─── Exercise inputs
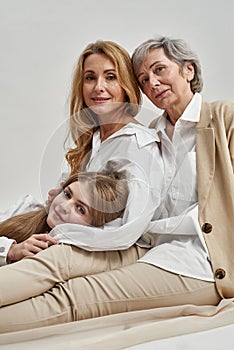 Narrow portrait of smiling three generations of women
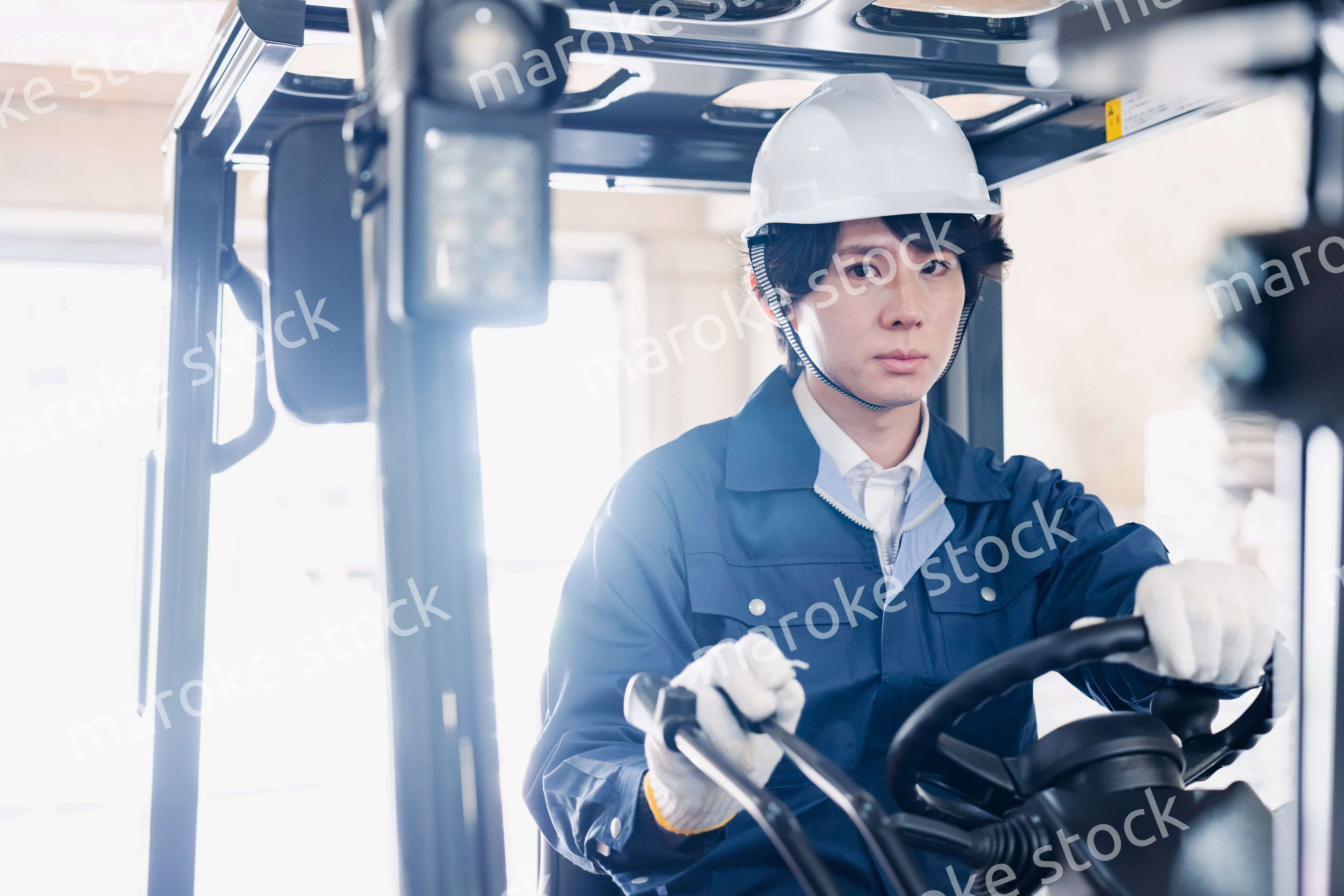 建設現場で重機に乗る作業員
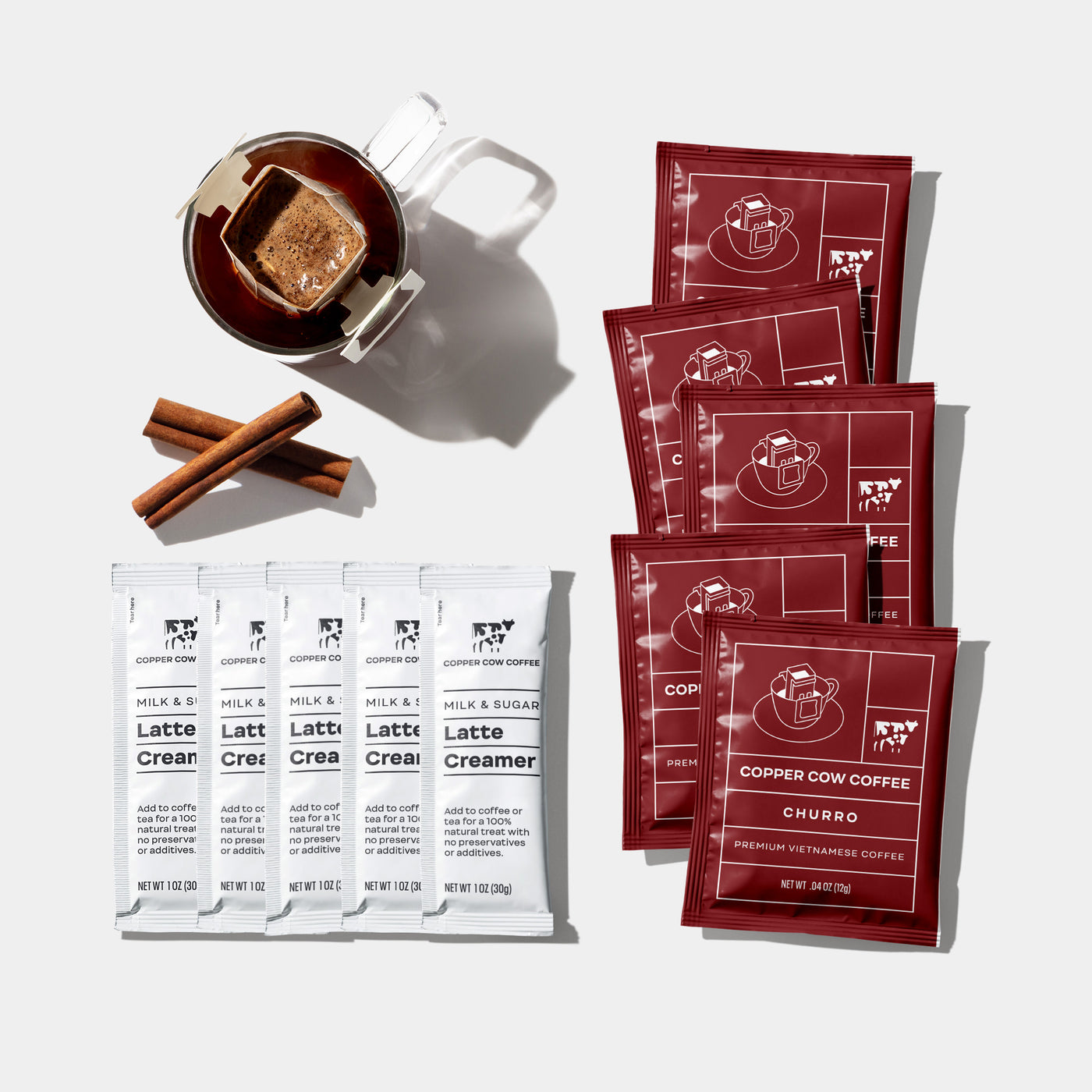 https://coppercowcoffee.com/cdn/shop/products/B-BESTSELLER022-gift-set-vietnamese-coffee-creamer-box-contents-churro-latte-copper-cow-coffee_1400x.jpg?v=1686599263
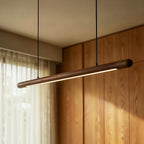 A Clérachic black walnut pendant bar glows in a wood-paneled dining room beside sheer curtains.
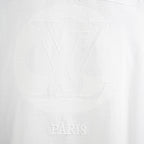 Louis Vuitton white T-shirt with tonal LV monogram and 'PARIS' lettering.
──────
All lines between the one that contains "建設現場で重機に乗る作業員" and the end of the records above, both included, are to be returned exactly as they stand, except for pictures, which are omitted.

▶ [Response area]
 建設現場で重機に乗る作業員
 https://coppercowcoffee.com/cdn/shop/products/B-BESTSELLER022-gift-set-vietnamese-coffee-creamer-box-contents-churro-latte-copper-cow-coffee_1400x.jpg?v=1686599263
 A Clérachic black walnut pendant bar glows in a wood-paneled dining room beside sheer curtains.
 Louis Vuitton white T-shirt with tonal LV monogram and 'PARIS' lettering.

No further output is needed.